OpenCL + RTL Kernel, number of arguments and how to write kernel.xml?

0

Hello everyone,

I was wondering if there is a limit on the number of arguments, scalar and pointers, for the OpenCL + RTL kernel flow?

Currently, there is an example in SDAccel_examples that has only 3-pointers (two-input, one-output) and one-scalar-argument defining the size of the buffers. Is there a way of having let say 6-pointers (five-inputs and 1-output) and one-scalar-argument?
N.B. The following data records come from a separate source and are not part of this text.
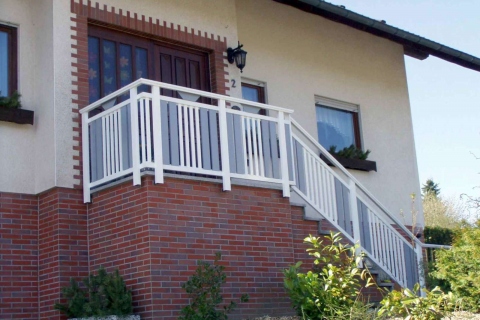 T041-Aluminium-Balkone-Balkongelaender-Rieb-Balkone-Wartungsfrei-Gelaender-Nie-mehr-Streichen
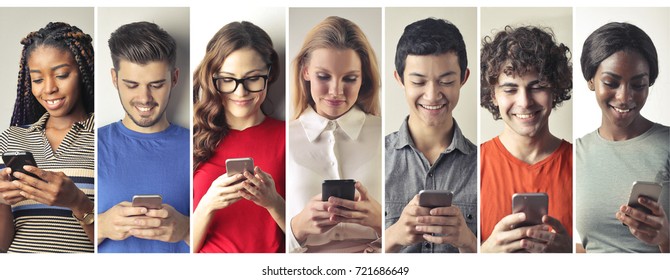 Pessoas sorrindo usando telefones inteligentes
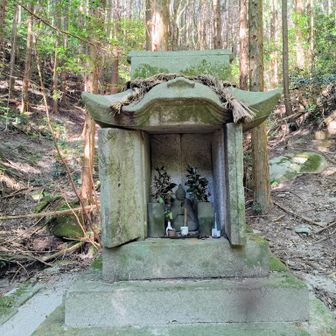 かなり大きな祠あり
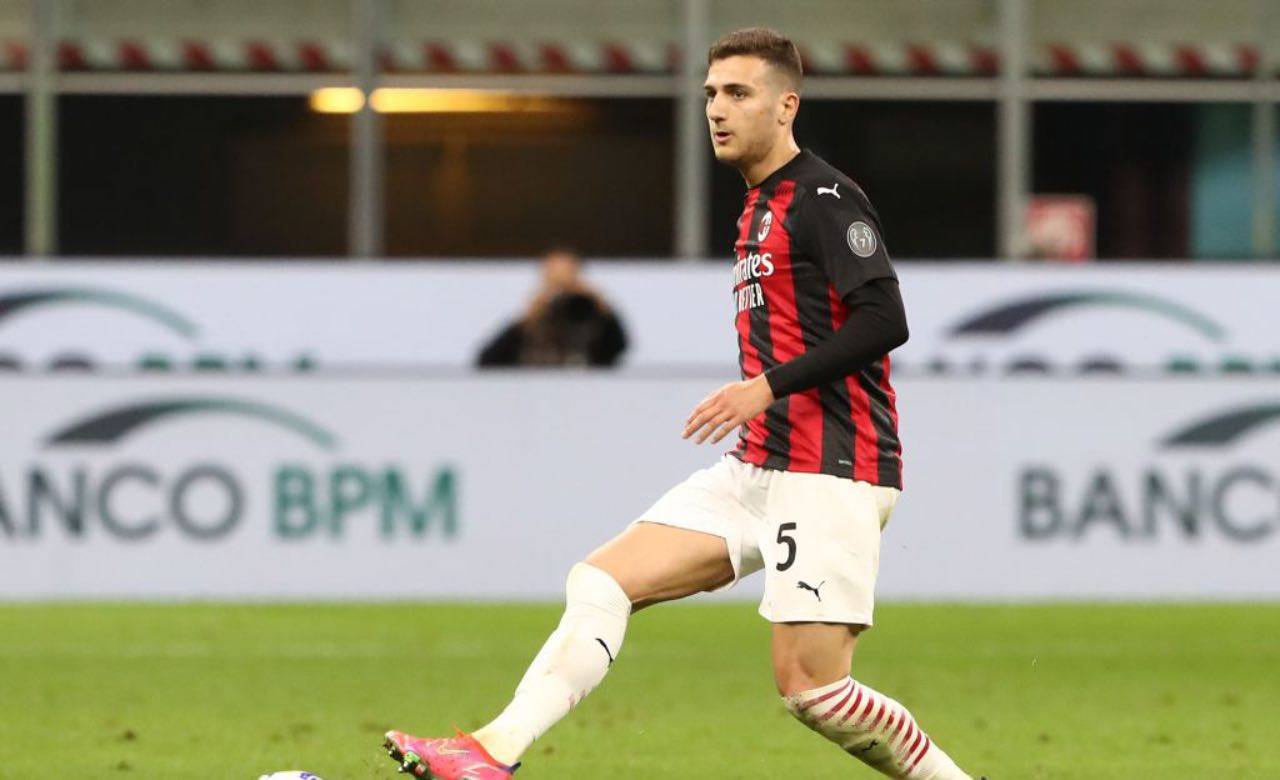 Diogo Dalot durante un passaggio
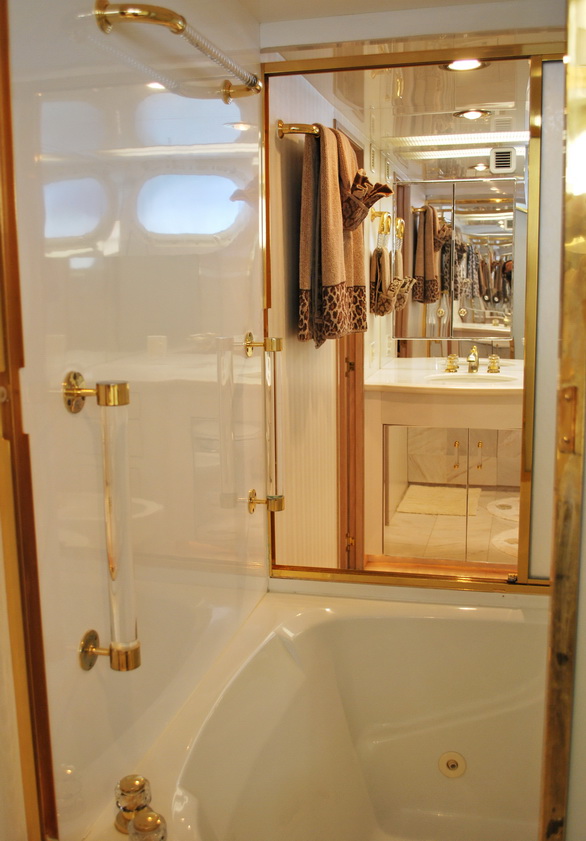 GILAINE O - Master ensuite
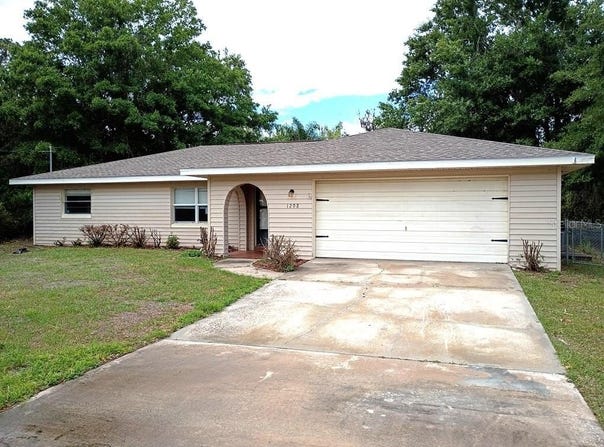 1208 S CANAL BOULEVARD, SEBRING, FL 33870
How would you write kernel.xml for that case? here is the example for rtl-vadd

https://github.com/Xilinx/SDAccel_Examples/blob/master/getting_started/rtl_kernel/rtl_vadd/src/kernel.xml

I had tried running RTL wizard on AWS F1 without any success on different AMIs, it is always crashing.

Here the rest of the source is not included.